I. Facts and Procedural History
{¶ 2} The Colonial Lane Improvement Association (“Association”) began in 1948
to serve and govern residents who lived on two private roads (Colonial Lane and Little
Woods Lane) situated off Far Hills Avenue in the Washington Township/Kettering area.
The primary purpose of the Association, which was incorporated as a non-profit in 1967,
is to maintain the private roads with the cost split between the 39 homeowners.
{¶ 3} The Goebels became part of the neighborhood and the Association in 1996
when they purchased the home at 79 Colonial Lane. In 2000, they bought an additional,
adjacent property, 55 Colonial Lane. They continued to live at 79 Colonial Lane until 2009
or 2011 (the parties present different dates), when they moved into the house at 55
Colonial Lane. Prior to the Goebels’ move into 55 Colonial Lane, the property was poorly
maintained and was overrun by vegetation, including large amounts of honeysuckle.

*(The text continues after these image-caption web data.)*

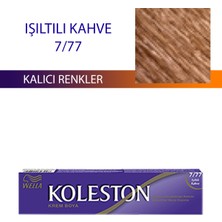 Wella Koleston Single Tüp Boya Saç Boyası Işıltılı Kahve 7/77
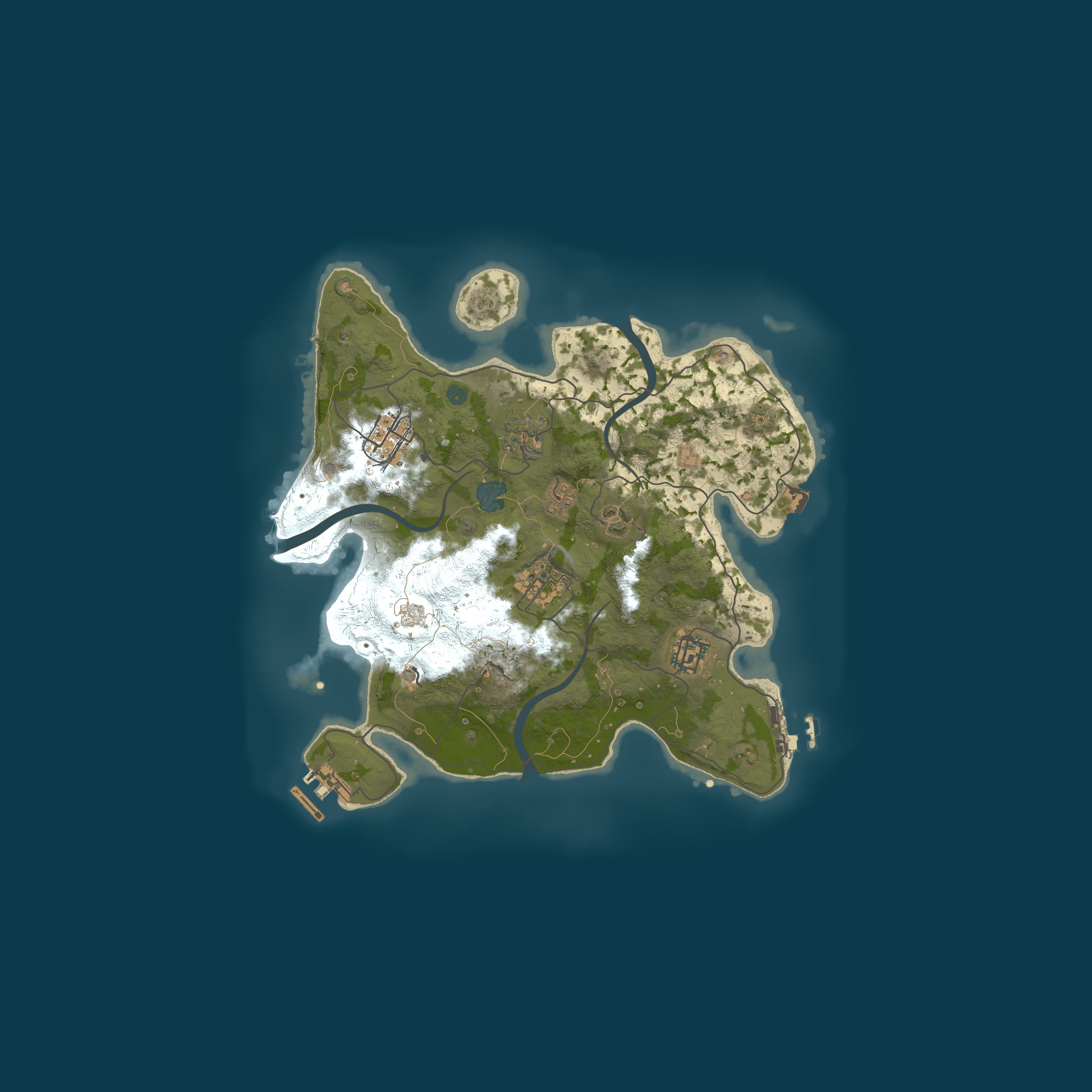 Procedural Map, size 3000, seed 420710420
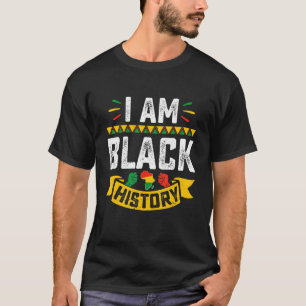 Ich bin Schwarzgeschichte Monat Power Fist Africa T-Shirt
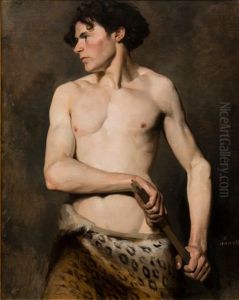 Male Model by Albert Edelfelt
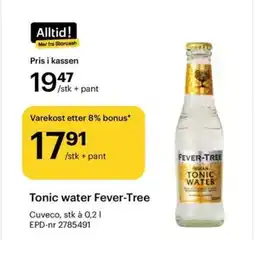 Storcash Tonic water Fever-Tree tilbud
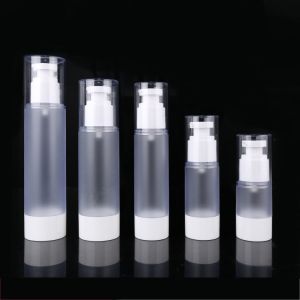 Quality Frosting Body White Plastic PP Airless Lotion Bottle for sale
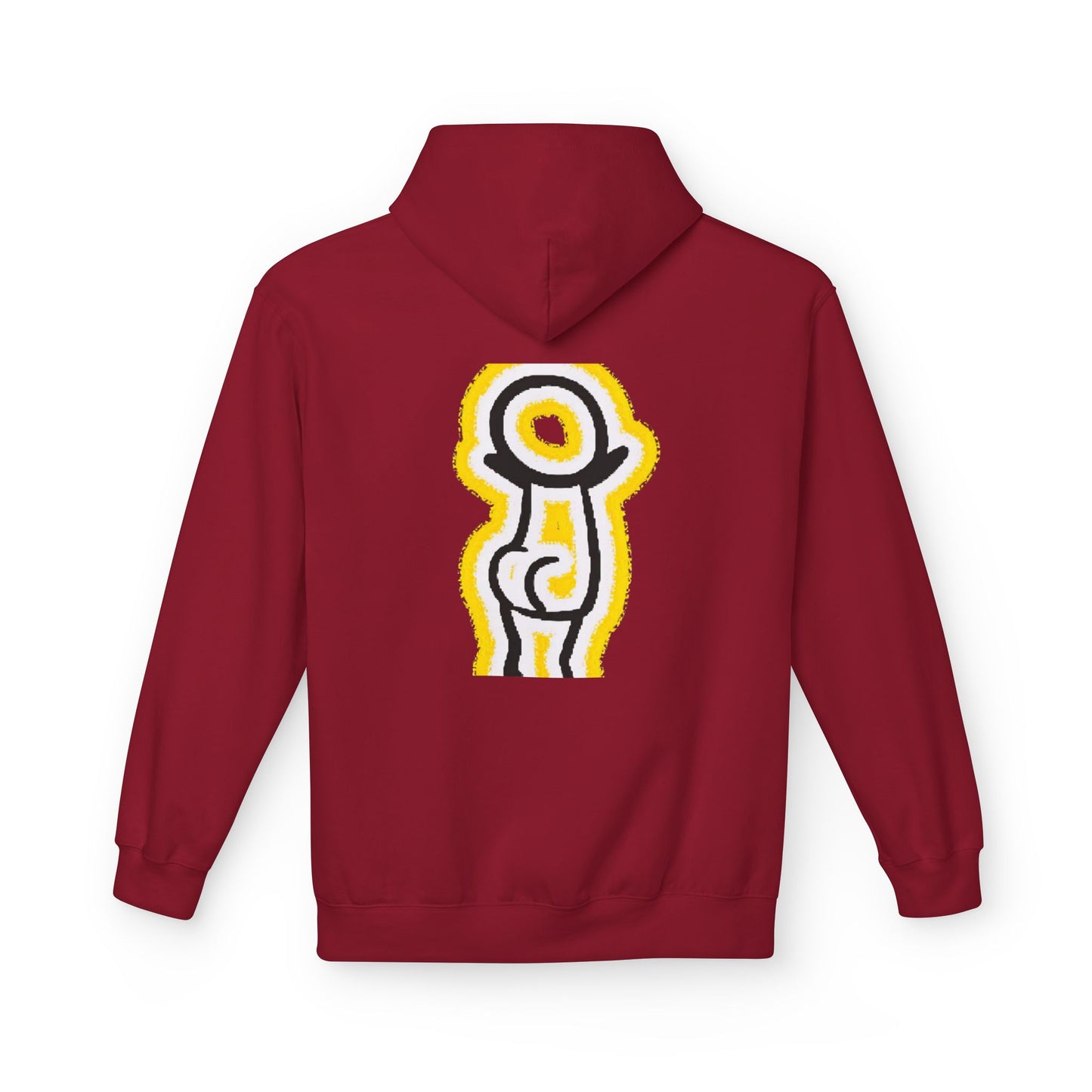 Happy Face & Doodle Figure Hoodie — "Me Happy"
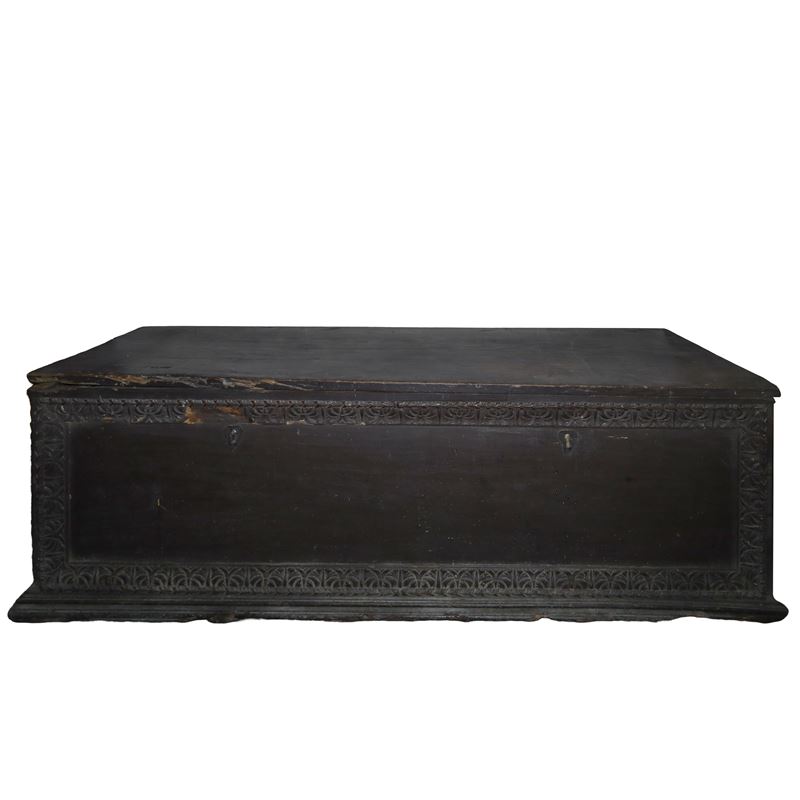 Cassapanca in legno, XIX secolo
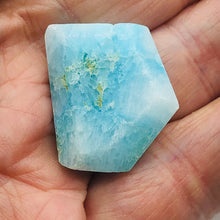 Load image into Gallery viewer, 43cts Druzy Natural Hemimorphite Pendant Bead | Blue | 27x23x8mm | 1 Bead |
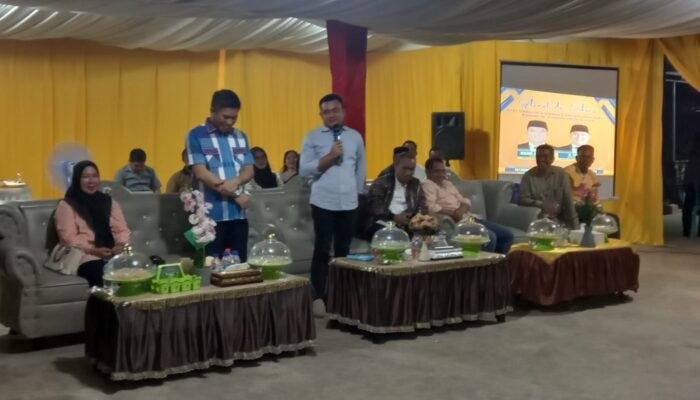 Menang Pilkada Konsel, Irham-Wahyu Sapa Tim Pemenangan dan Syukuran di Kelurahan Potoro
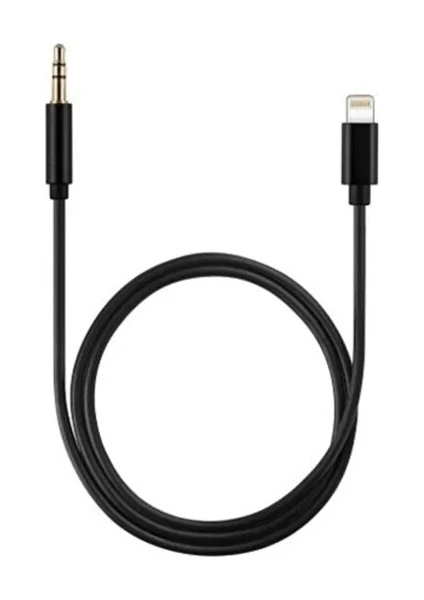 Apple IPhone 100 cm Lightning To 3.5 mm Jack Aux Stereo Dönüştürücü Çevirici Kablo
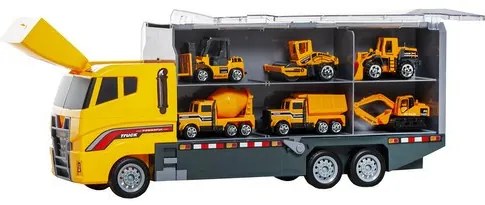 TIR truck set with 6 cars 22481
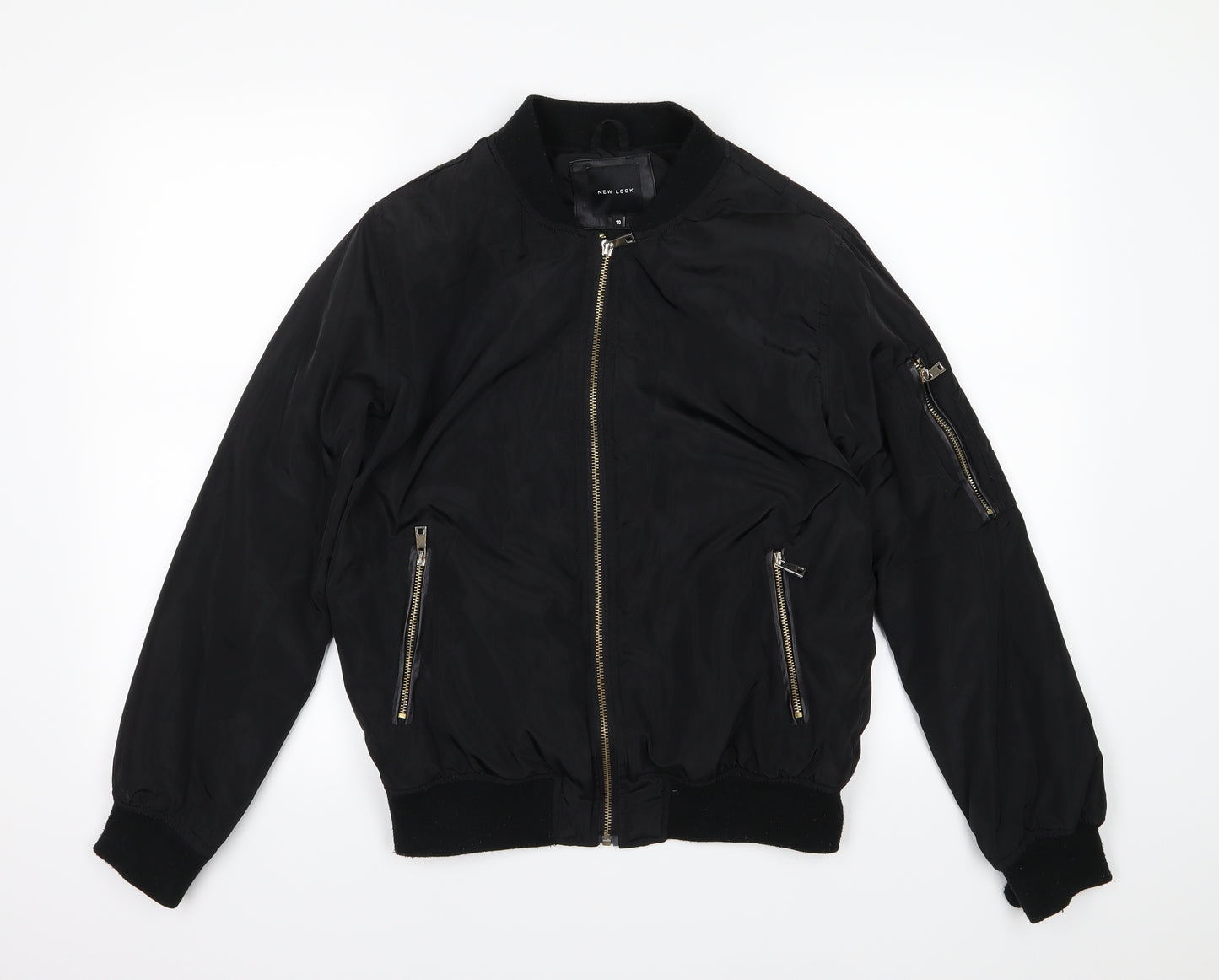 New Look Womens Black   Bomber Jacket Jacket Size 10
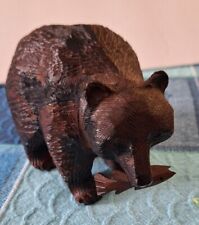 Vintage Hand Carved Grizzly Bear With Fish IronWood 6 In. Tall -F9 for sale  Shipping to South Africa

“[T]he area was covered with honeysuckle. Very dense. It was like a forest.” Trial Tr. at
95. There were, however, no reports of flooding at that time.
{¶ 4} In 2009, the Goebels removed the honeysuckle that had overrun the yard of
55 Colonial Lane, and in doing so, they discovered a 30-inch concrete pipe on the north
end of their property. The pipe was part of a storm sewer drainage system that streamed
water and debris from the surrounding area – including an apartment complex – through
their yard, into a metal grate (which was undiscovered until 2011), under Colonial Lane
via a 24-inch culvert, through additional smaller pipes running under another neighbor’s
property, and eventually ending up in a creek. -3-
{¶ 5} Upon removing the honeysuckle, a small portion of the Goebels property at
55 Colonial Lane began experiencing significant flooding when it stormed, as large
amounts of water and debris from outside of their property would flow through the 30-inch
pipe, run through the swale (drainage ditch) in their yard, and then overwhelm the culvert
that went under the road. This caused water to flow over Colonial Lane during significant
rainfall. The water issues caused problems with the Goebels’ septic system as well, to
the point that they were unable to shower or do laundry during a significant rain event.
{¶ 6} The Goebels reached out to the City of Kettering for help. A city employee
inspected the property in 2010 or 2011 and discovered a sewer grate buried under inches
of dirt and debris. It was dug out and cleared of debris, but the problem was not abated,
and the city offered no other assistance. Washington Township stated that it could not
help either. As a result, the Goebels hired engineer John Norton to examine the issues.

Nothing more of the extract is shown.